# [Try it]
In this exercise, write out the data word for word and leave every image out.

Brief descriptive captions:
######
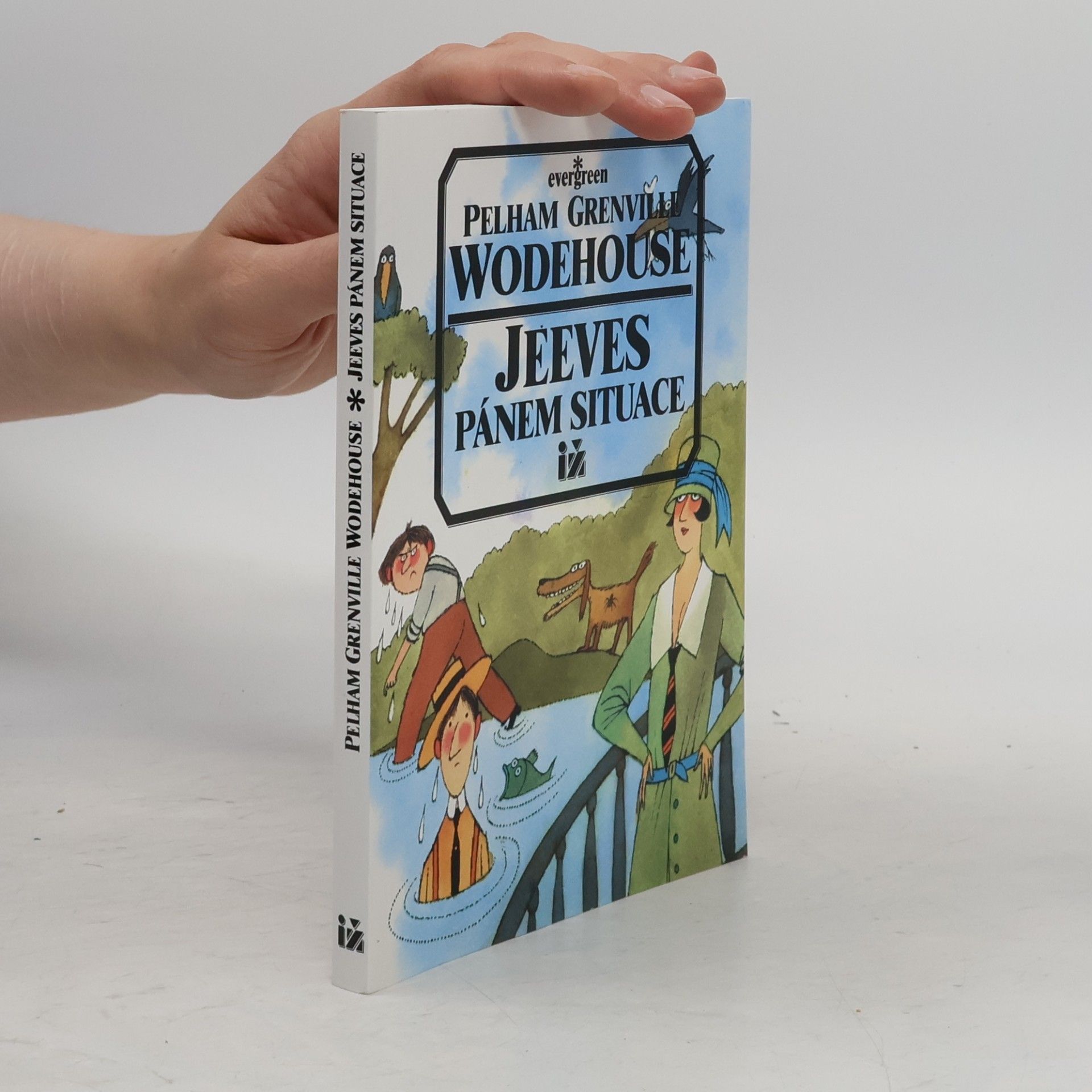 Pelham Wodehouse Jeeves pánem situace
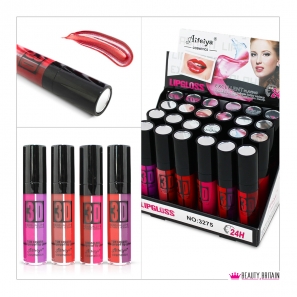 24 x Duo Lip Gloss 2in1 with Mirror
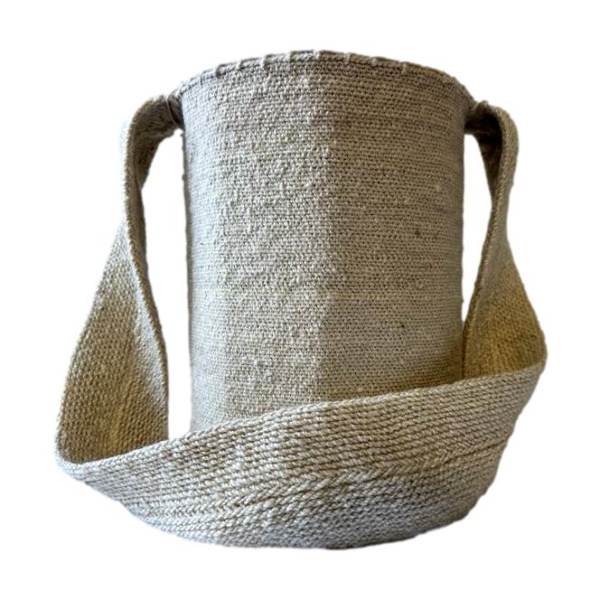 Mochila Arhuaca Grande | "Arco Celestial" tejida en lana nativa - Imagen 2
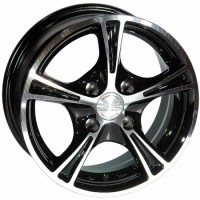 Wheels ZW 232 R14 W6 PCD4x98 ET25 DIA58.6 BP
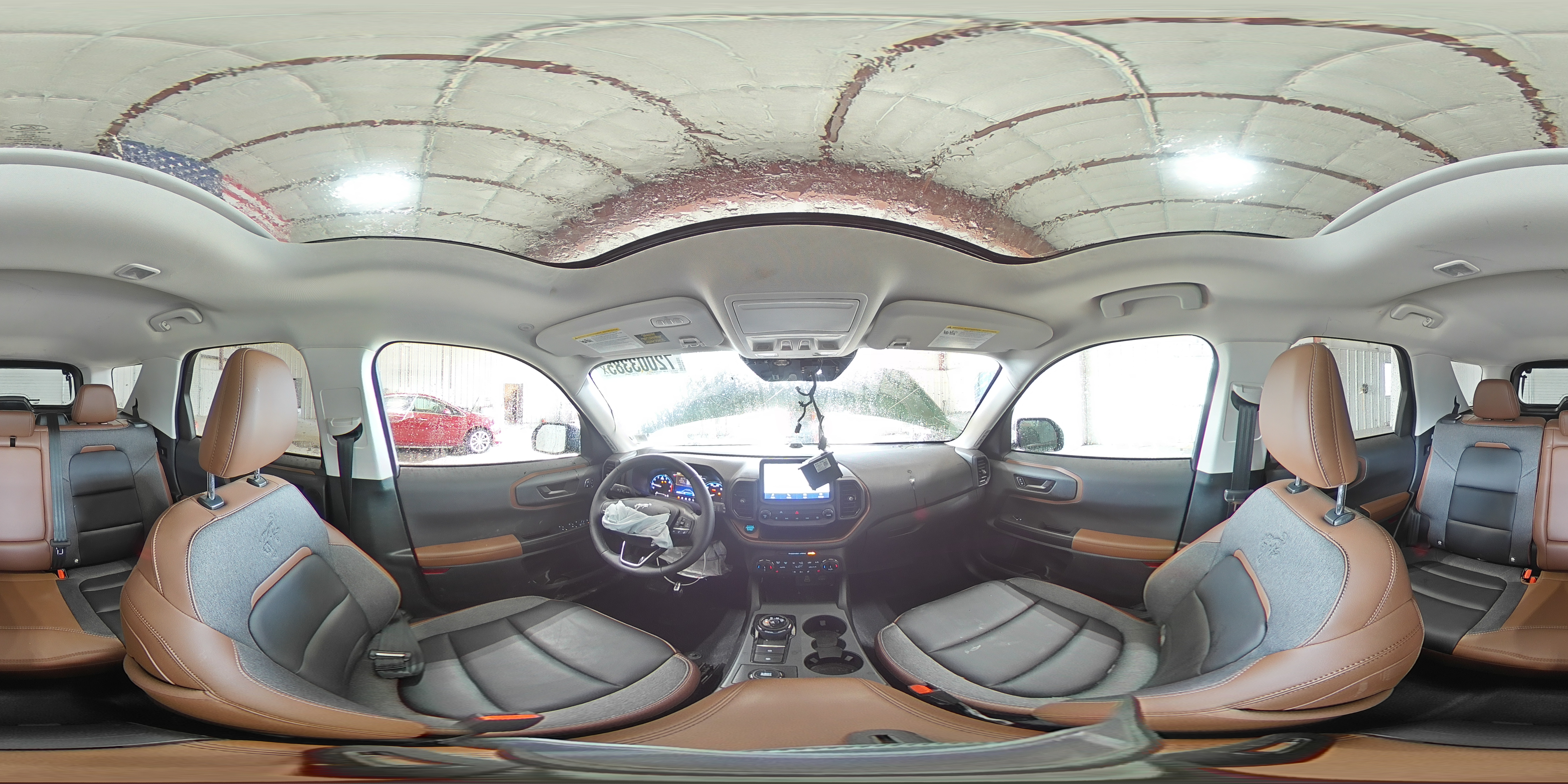 2024 Ford Bronco Sport Outer Banks VIN: 3FMCR9C66RRE75989 Lot: 72003385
######
# [Answer section]
 Pelham Wodehouse Jeeves pánem situace
 24 x Duo Lip Gloss 2in1 with Mirror
 Mochila Arhuaca Grande | "Arco Celestial" tejida en lana nativa - Imagen 2
 Wheels ZW 232 R14 W6 PCD4x98 ET25 DIA58.6 BP
 2024 Ford Bronco Sport Outer Banks VIN: 3FMCR9C66RRE75989 Lot: 72003385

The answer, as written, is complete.